* _Task to carry out_:
Make an exact copy of the records, omitting all images.

[Given data — start]

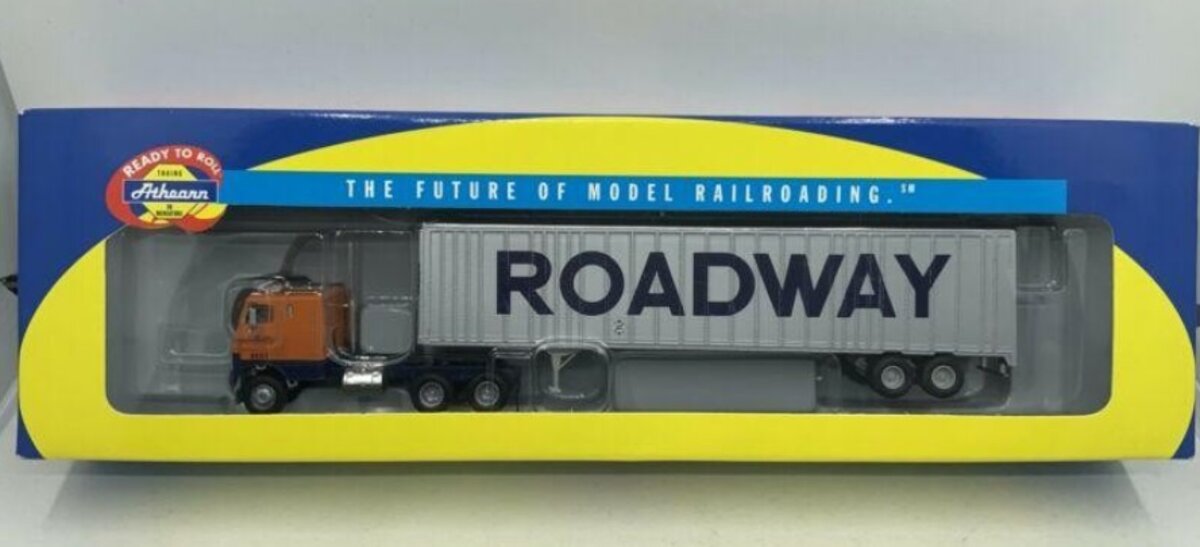 Athearn 91085 HO Roadway 48' Wedge Trailer and Freightliner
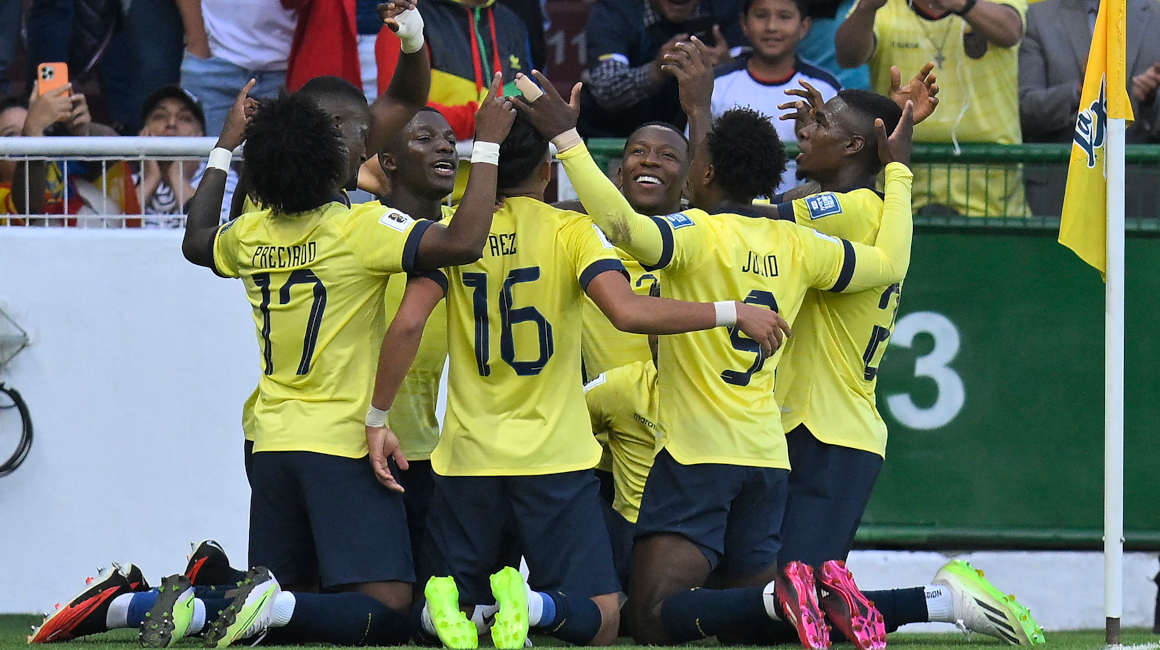 Los jugadores de Ecuador festejan un gol ante Uruguay por las Eliminatorias al Mundial 2026, el 12 de septiembre de 2023.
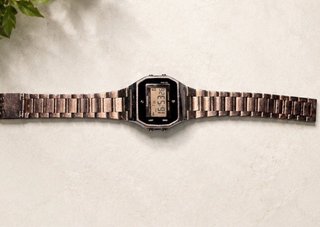 Reloj Casio Digital Negro y Plateado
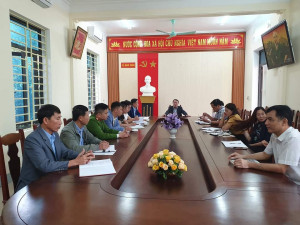Đồng chí Dương Đình Chỉnh, TUV - Bí thư huyện uỷ Nghi Lộc, kiểm tra công tác triển khai các nội dung kế hoạch tổ chức lễ kỷ niệm.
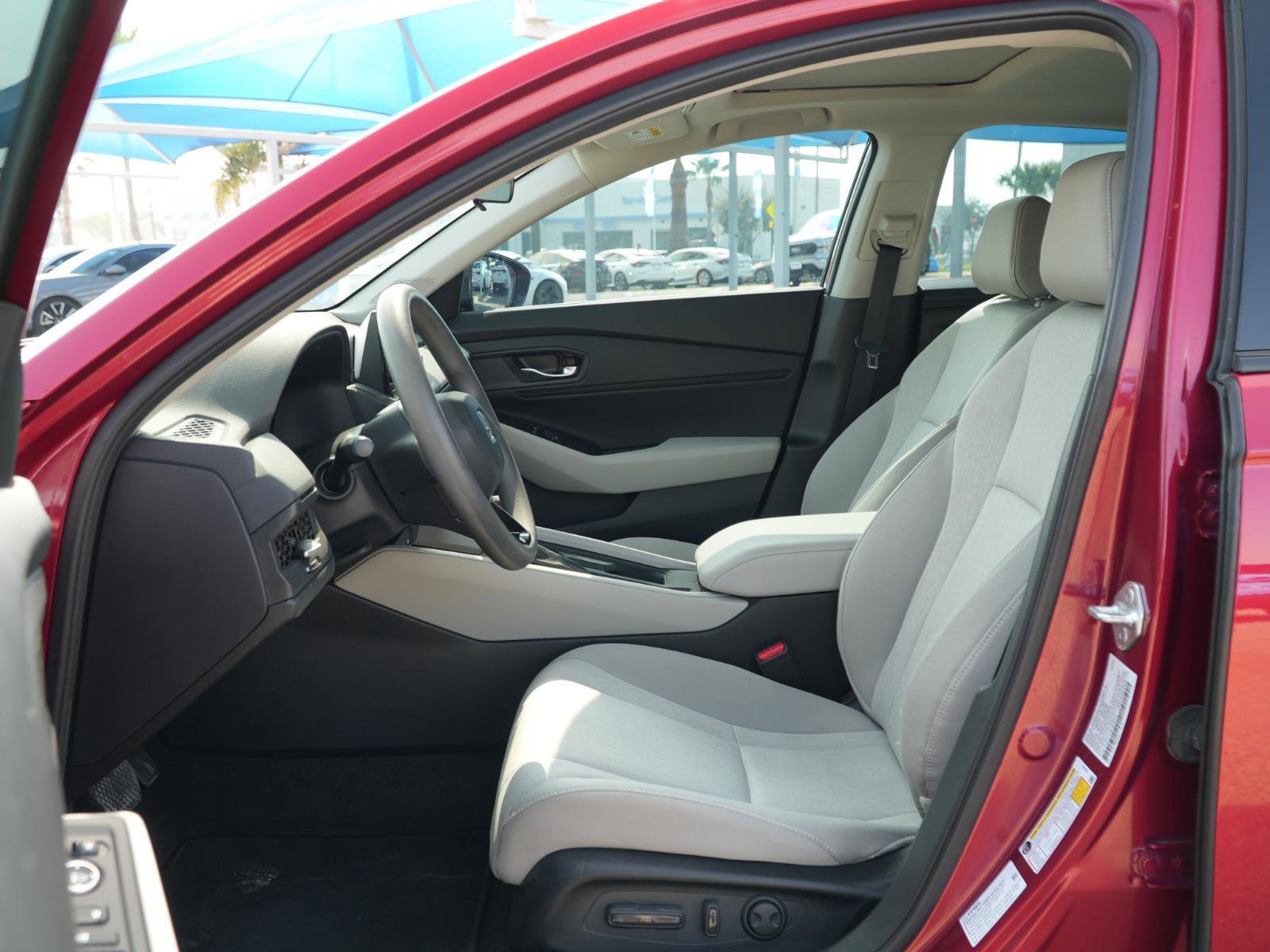 Used 2023 Honda Accord EX image 16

[Given data — finish]

* _Answer box_:
 Athearn 91085 HO Roadway 48' Wedge Trailer and Freightliner
 Los jugadores de Ecuador festejan un gol ante Uruguay por las Eliminatorias al Mundial 2026, el 12 de septiembre de 2023.
 Reloj Casio Digital Negro y Plateado
Đồng chí Dương Đình Chỉnh, TUV - Bí thư huyện uỷ Nghi Lộc, kiểm tra công tác triển khai các nội dung kế hoạch tổ chức lễ kỷ niệm.
 Used 2023 Honda Accord EX image 16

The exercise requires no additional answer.